NO ASSIGNMENT OR MODIFICATION
Customer shall not assign or transfer any contract with Provider without its prior written consent. No modification of these terms shall be effective unless specifically agreed to in writing by Provider, and no modification shall be rendered effective by Provider’s receipt, acknowledgment, or acceptance of any purchase order or other form Customer provide that stipulates different terms or conditions, and Provider hereby gives notification of objection to any such terms and conditions.
No waiver of these terms shall be effective against Provider unless made in writing by an authorized representative of Provider. Customer shall not assert that Provider’s waiver of Customer’s breach of these terms, or of those of a later contract of the parties, is a waiver of any other breach, nor assert that Seller’s failure to exercise a right arising from Customer’s default is a continuing waiver of the right, and Customer agrees that Provider may exercise the right at a later time.

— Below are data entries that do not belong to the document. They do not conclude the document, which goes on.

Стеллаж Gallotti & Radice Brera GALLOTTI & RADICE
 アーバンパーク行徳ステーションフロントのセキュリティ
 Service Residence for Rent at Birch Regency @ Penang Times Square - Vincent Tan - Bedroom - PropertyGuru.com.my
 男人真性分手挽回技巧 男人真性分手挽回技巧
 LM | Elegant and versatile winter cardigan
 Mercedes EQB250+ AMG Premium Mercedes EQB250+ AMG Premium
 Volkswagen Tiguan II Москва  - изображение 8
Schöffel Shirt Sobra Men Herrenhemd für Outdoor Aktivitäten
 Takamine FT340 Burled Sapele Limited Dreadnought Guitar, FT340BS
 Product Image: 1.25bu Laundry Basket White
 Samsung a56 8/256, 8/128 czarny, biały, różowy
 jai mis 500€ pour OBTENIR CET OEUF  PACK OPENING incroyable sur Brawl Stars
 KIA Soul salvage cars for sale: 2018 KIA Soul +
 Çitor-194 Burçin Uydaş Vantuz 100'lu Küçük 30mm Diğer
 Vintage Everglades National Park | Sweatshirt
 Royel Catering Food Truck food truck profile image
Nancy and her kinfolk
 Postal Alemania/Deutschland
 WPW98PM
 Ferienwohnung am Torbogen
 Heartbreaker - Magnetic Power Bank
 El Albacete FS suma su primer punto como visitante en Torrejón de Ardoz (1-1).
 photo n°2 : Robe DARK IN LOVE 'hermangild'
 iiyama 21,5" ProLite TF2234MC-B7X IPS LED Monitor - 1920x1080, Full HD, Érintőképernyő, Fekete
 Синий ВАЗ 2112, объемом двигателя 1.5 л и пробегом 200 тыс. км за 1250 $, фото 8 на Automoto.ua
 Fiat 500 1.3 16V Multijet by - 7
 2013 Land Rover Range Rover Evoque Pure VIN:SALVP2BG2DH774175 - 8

NO THIRD PARTY BENEFICIARIES
Customer and Provider are the only intended beneficiaries of this document, and there are no third party beneficiaries.
Provider reserves the right to correct typographical or clerical errors in a quotation, order, or agreement without prejudice or legal effect.
Any of these terms that a governing jurisdiction prohibits or declares unenforceable shall be ineffective only to the extent of such prohibition or unenforceability only in that jurisdiction, without invalidating the remaining terms or affecting the validity or enforceability of such terms in any other jurisdiction.
Paragraph headings are for convenience of reference only, are without substantive meaning, and shall not be used to construe or interpret these terms.